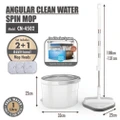 Houze The Angular Clean Water Spin Mop Grey (Dual Bucket System + Seperates Clean And Dirty Water) 1s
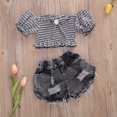 thumbnail image 4 of 2Pcs Mignon Bébé Enfants Filles Tops Plaid Shorts Denim Pantalons Vêtements, 4 of 5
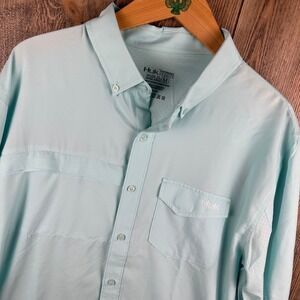 Huk Tide Point Long Sleeve Button Up Shirt Aqua Blue Mens Medium Vented Pockets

WORK REQUIRED: Your task is to write out, exactly and without pictures, only the lines from the one holding "thumbnail image 4" to the last line of the data.

OUTPUT:
 thumbnail image 4 of 2Pcs Mignon Bébé Enfants Filles Tops Plaid Shorts Denim Pantalons Vêtements, 4 of 5
 Huk Tide Point Long Sleeve Button Up Shirt Aqua Blue Mens Medium Vented Pockets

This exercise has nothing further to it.